I have a new car but now I sleep with my car keys under me. I don’t know what this ends and I try and be sympathetic to her behaviour but it is so hard. She has been missing for 48 hours she thankfully messaged me so I know she is safe but she is only 15 and very naive about many things. When she goes like this it is so hard to get her back because she is having fun doing drugs and god knows what. Luckily the police in my town are so good to me and always help me. She has gotten herself in trouble with the police and may possibly have to go to juvenile detention that scares me because the thought of her being locked up with be so hard on her. When I took her phone off her only a week ago she was like a caged animal so I don’t know how she will cope if she does get locked up.
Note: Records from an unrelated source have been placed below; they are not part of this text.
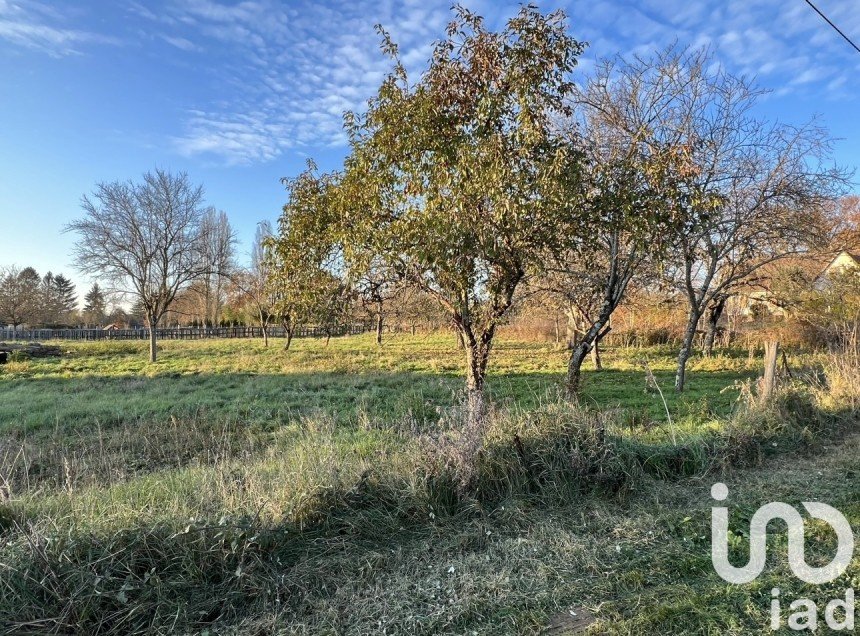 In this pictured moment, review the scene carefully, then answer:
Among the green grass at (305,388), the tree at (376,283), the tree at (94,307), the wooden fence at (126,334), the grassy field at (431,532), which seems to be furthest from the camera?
the tree at (94,307)

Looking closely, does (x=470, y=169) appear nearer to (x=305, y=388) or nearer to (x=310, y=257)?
(x=310, y=257)

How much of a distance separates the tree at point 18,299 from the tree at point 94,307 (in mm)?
12550

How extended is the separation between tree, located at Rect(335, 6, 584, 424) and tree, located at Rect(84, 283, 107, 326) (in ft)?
213

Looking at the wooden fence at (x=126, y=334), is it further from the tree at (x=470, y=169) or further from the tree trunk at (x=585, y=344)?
the tree at (x=470, y=169)

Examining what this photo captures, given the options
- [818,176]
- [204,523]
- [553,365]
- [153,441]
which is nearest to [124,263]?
[153,441]

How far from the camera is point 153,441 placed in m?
7.81

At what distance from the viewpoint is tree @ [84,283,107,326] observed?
56625 millimetres

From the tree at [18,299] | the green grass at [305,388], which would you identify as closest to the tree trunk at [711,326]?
the green grass at [305,388]

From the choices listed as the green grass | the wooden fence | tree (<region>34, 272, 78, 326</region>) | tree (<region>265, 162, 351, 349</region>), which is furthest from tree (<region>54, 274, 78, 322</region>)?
tree (<region>265, 162, 351, 349</region>)

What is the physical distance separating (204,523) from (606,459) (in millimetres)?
3340

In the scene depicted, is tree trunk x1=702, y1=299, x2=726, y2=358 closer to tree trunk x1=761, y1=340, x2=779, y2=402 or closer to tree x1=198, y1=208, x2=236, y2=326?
tree trunk x1=761, y1=340, x2=779, y2=402

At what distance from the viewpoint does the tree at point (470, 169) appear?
17.5 ft

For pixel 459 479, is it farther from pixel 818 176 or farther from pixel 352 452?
pixel 818 176

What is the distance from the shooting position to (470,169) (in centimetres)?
540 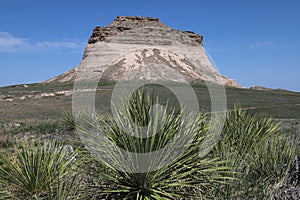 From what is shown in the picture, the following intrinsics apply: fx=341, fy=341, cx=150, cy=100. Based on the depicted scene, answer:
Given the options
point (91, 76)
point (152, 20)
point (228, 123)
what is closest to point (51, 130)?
point (228, 123)

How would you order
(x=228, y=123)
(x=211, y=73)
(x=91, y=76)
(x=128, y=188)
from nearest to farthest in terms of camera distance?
(x=128, y=188), (x=228, y=123), (x=91, y=76), (x=211, y=73)

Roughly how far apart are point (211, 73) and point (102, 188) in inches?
3277

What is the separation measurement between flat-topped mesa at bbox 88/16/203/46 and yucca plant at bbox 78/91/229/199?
8710cm

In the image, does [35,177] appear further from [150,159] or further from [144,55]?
[144,55]

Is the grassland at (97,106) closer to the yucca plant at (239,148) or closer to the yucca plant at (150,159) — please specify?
the yucca plant at (239,148)

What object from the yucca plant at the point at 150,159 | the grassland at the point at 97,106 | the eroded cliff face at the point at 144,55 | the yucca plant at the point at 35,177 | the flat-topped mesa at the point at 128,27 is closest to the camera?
the yucca plant at the point at 150,159

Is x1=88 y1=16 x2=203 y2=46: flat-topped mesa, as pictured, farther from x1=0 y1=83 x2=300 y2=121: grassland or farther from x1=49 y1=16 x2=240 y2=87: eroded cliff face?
x1=0 y1=83 x2=300 y2=121: grassland

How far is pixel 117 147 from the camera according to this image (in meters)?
4.29

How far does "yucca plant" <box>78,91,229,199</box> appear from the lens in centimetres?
416

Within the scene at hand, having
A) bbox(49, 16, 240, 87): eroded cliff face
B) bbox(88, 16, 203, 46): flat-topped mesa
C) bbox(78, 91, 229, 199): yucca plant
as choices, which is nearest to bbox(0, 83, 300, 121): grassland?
bbox(49, 16, 240, 87): eroded cliff face

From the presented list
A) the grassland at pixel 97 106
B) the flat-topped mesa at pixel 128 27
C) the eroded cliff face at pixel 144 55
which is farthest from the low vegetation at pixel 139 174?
the flat-topped mesa at pixel 128 27

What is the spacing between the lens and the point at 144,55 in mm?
80500

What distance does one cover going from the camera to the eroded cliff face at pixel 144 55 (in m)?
75.7

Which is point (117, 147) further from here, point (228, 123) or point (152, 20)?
point (152, 20) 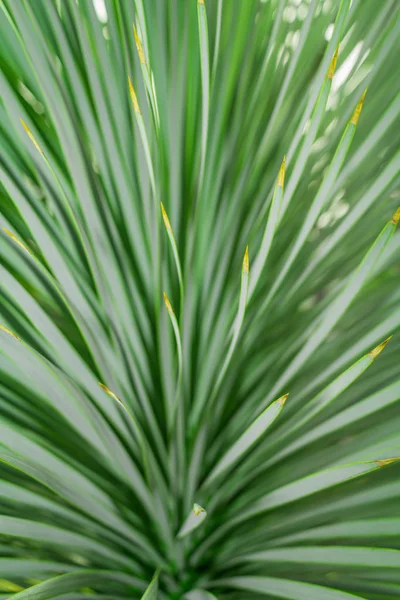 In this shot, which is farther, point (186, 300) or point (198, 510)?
point (186, 300)

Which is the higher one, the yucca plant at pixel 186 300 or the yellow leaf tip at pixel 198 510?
the yucca plant at pixel 186 300

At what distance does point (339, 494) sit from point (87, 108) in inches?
18.7

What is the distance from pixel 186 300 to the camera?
1.92 ft

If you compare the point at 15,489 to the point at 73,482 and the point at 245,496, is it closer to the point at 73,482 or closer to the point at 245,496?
the point at 73,482

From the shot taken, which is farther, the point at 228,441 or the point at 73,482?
the point at 228,441

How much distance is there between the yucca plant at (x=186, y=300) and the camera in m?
0.52

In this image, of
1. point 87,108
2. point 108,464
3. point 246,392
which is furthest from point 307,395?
point 87,108

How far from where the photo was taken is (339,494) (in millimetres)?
548

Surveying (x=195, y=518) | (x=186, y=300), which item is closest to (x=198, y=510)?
(x=195, y=518)

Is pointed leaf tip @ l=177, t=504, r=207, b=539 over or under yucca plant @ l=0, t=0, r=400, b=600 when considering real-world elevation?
under

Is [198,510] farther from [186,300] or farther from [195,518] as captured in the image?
[186,300]

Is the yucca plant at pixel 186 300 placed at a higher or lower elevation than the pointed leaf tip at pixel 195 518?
higher

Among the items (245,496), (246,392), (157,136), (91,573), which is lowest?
(91,573)

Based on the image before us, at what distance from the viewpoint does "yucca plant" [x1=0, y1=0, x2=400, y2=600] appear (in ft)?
1.70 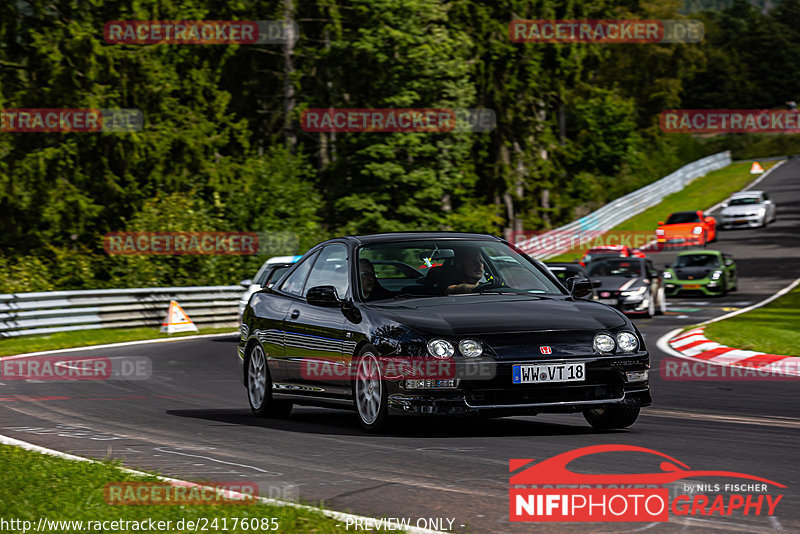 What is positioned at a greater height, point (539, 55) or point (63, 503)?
point (539, 55)

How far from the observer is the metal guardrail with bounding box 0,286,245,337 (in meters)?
25.2

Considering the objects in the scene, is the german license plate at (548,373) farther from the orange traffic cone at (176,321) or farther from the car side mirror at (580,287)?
the orange traffic cone at (176,321)

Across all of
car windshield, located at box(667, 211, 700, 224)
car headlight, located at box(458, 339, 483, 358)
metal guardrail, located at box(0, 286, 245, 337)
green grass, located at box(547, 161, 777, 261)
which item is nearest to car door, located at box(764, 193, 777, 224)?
green grass, located at box(547, 161, 777, 261)

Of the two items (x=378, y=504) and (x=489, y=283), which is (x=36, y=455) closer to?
(x=378, y=504)

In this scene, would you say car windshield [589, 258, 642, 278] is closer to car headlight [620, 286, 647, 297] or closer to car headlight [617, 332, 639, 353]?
car headlight [620, 286, 647, 297]

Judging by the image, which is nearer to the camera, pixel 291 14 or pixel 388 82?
pixel 388 82

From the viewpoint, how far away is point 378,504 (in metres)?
6.51

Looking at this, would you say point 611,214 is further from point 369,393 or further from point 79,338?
point 369,393

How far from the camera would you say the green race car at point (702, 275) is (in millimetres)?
35281

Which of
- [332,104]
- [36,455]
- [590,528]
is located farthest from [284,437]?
[332,104]

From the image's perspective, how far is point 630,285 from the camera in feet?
92.9

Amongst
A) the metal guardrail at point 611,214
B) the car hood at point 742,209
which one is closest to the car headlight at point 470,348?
the metal guardrail at point 611,214

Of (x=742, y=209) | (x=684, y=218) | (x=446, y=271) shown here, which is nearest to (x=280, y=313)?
(x=446, y=271)

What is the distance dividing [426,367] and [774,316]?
19.4 meters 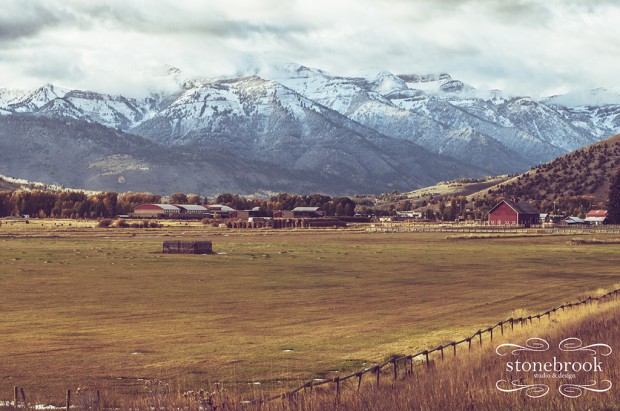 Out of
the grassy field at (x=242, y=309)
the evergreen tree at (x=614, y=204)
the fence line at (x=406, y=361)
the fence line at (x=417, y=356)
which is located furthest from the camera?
the evergreen tree at (x=614, y=204)

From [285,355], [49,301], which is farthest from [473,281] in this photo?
[285,355]

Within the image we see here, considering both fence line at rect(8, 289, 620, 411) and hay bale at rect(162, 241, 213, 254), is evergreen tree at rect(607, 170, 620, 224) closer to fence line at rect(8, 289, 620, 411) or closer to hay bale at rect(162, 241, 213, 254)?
hay bale at rect(162, 241, 213, 254)

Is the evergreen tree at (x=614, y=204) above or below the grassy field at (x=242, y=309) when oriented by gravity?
above

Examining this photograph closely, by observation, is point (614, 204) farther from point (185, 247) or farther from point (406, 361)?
point (406, 361)

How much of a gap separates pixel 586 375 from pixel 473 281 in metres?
41.8

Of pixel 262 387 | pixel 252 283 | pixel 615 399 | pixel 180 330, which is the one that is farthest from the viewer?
pixel 252 283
She started self harming after quite a few months of stopping so that is a huge worry. She says she doesn’t see a future so heartbreaking she is the most beautiful girl and sweet when that girl is her but I don’t see her very often. I want to get her help but she doesn’t seem to want to help I have heard about dialectic behaviour therapy but can’t seem to find anyone that does it around where I live.
I am so sorry about your husband that is so very sad and your poor baby must really suffer. My daughters dad is non existent he is an alcoholic that doesn’t have much input in her life and his answer at the moment is give her a good slap well that isn’t going to work at all.
I don’t know what is going to work I just want My girl to come home the longer she stays away the more scared I get.